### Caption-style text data
━━━━━━━━━━━━━━━━

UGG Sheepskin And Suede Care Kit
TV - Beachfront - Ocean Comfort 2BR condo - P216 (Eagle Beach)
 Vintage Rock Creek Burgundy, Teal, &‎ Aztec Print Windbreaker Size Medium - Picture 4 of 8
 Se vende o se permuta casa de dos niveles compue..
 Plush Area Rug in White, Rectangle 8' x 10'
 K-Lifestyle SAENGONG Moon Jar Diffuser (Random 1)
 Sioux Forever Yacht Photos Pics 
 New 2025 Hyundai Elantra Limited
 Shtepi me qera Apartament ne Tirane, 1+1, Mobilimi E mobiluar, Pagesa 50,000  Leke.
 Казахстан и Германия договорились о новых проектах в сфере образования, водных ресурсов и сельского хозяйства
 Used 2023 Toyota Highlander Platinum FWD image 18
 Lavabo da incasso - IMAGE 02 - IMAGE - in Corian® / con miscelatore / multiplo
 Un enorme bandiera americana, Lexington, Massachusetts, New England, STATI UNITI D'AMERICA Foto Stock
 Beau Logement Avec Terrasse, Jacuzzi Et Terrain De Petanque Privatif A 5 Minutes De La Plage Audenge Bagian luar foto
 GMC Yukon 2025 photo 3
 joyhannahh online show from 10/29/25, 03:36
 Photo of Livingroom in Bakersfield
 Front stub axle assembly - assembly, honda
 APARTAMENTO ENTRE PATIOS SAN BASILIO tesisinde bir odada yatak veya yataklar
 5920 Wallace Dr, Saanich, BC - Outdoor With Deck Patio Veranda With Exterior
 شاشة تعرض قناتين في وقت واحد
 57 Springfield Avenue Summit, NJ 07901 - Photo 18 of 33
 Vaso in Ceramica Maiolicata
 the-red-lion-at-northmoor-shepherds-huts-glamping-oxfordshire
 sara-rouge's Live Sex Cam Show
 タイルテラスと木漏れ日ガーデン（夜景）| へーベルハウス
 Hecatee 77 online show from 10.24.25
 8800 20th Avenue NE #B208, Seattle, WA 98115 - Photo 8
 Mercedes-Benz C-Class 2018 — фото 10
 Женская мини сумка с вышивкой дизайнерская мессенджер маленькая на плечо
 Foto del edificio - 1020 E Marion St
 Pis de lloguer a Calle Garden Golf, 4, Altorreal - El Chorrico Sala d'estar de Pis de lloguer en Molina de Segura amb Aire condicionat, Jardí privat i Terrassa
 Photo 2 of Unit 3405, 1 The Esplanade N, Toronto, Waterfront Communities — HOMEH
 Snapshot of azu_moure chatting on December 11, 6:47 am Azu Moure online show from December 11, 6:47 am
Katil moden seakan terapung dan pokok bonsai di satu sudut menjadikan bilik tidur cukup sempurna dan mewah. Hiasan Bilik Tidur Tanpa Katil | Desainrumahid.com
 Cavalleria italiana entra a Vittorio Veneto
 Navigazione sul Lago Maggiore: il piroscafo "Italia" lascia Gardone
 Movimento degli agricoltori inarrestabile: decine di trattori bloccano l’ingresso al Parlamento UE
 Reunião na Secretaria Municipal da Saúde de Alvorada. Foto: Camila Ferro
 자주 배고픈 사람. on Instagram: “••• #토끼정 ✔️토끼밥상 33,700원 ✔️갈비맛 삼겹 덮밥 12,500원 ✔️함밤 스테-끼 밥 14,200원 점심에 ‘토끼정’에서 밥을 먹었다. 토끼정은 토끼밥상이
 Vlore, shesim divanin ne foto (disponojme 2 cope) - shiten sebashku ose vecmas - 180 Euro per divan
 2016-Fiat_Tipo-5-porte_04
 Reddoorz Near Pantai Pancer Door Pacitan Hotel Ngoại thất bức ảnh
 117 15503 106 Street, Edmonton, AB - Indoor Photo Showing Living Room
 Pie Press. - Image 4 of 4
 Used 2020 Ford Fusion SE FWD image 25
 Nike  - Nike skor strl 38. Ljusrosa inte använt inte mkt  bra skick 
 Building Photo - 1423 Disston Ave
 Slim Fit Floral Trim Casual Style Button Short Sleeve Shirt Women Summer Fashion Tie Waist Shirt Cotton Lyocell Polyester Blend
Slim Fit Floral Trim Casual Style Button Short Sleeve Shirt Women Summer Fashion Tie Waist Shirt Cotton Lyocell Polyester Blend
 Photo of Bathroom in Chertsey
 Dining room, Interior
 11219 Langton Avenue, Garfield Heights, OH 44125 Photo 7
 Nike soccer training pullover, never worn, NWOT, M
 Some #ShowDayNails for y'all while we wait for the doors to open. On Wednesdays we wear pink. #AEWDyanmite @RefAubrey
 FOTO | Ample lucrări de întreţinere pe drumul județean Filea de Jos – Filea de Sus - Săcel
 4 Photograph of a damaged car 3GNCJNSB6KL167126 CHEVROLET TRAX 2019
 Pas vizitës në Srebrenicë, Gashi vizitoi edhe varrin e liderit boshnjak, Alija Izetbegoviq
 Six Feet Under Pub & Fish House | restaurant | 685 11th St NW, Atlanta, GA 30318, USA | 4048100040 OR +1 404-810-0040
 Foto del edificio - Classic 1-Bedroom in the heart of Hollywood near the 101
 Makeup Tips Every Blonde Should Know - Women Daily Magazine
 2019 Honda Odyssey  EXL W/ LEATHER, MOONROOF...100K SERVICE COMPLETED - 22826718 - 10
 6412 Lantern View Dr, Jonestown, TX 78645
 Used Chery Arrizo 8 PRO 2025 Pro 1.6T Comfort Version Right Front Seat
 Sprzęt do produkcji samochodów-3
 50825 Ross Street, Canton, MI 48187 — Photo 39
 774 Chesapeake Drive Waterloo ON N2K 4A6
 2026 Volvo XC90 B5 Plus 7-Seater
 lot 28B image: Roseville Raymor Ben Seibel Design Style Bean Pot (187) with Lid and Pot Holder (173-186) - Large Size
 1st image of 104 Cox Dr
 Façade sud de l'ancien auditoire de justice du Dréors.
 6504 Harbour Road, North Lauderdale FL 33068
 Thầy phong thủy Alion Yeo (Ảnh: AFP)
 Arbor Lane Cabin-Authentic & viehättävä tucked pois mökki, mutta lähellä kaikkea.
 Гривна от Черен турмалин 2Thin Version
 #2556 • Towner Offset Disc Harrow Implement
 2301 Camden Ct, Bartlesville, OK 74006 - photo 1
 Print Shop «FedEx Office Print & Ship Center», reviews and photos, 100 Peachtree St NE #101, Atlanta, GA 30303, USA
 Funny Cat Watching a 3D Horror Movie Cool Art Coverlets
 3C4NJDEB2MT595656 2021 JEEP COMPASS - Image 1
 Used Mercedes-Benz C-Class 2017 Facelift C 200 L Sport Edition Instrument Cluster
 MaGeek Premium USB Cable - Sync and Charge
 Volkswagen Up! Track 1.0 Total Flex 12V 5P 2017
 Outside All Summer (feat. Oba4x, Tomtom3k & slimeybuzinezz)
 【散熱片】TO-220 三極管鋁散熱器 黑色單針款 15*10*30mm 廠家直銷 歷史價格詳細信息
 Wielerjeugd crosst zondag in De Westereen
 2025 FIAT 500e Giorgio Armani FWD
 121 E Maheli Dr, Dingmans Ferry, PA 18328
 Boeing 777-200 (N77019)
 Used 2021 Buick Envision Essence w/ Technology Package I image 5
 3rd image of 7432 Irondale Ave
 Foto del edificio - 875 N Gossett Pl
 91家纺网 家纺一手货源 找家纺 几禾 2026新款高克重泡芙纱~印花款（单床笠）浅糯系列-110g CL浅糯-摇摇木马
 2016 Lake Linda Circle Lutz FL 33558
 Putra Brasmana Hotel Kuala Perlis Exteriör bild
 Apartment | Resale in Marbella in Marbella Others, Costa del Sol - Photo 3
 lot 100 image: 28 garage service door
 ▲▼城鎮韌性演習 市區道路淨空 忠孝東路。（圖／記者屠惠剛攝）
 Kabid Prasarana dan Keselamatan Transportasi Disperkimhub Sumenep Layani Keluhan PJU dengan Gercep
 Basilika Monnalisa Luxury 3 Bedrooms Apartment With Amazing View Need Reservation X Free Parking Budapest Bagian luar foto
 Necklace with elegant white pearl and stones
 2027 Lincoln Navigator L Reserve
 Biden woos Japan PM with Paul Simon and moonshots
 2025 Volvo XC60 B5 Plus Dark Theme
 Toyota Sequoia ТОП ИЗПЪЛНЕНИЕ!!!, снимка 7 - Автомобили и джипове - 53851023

━━━━━━━━━━━━━━━━

### TASK BRIEF
Output the first line of the entries above and every line after it, exactly as written, ending with the line that contains "5920 Wallace Dr, Saanich, BC".

### WORKED SOLUTION
UGG Sheepskin And Suede Care Kit
TV - Beachfront - Ocean Comfort 2BR condo - P216 (Eagle Beach)
 Vintage Rock Creek Burgundy, Teal, &‎ Aztec Print Windbreaker Size Medium - Picture 4 of 8
 Se vende o se permuta casa de dos niveles compue..
 Plush Area Rug in White, Rectangle 8' x 10'
 K-Lifestyle SAENGONG Moon Jar Diffuser (Random 1)
 Sioux Forever Yacht Photos Pics 
 New 2025 Hyundai Elantra Limited
 Shtepi me qera Apartament ne Tirane, 1+1, Mobilimi E mobiluar, Pagesa 50,000  Leke.
 Казахстан и Германия договорились о новых проектах в сфере образования, водных ресурсов и сельского хозяйства
 Used 2023 Toyota Highlander Platinum FWD image 18
 Lavabo da incasso - IMAGE 02 - IMAGE - in Corian® / con miscelatore / multiplo
 Un enorme bandiera americana, Lexington, Massachusetts, New England, STATI UNITI D'AMERICA Foto Stock
 Beau Logement Avec Terrasse, Jacuzzi Et Terrain De Petanque Privatif A 5 Minutes De La Plage Audenge Bagian luar foto
 GMC Yukon 2025 photo 3
 joyhannahh online show from 10/29/25, 03:36
 Photo of Livingroom in Bakersfield
 Front stub axle assembly - assembly, honda
 APARTAMENTO ENTRE PATIOS SAN BASILIO tesisinde bir odada yatak veya yataklar
 5920 Wallace Dr, Saanich, BC - Outdoor With Deck Patio Veranda With Exterior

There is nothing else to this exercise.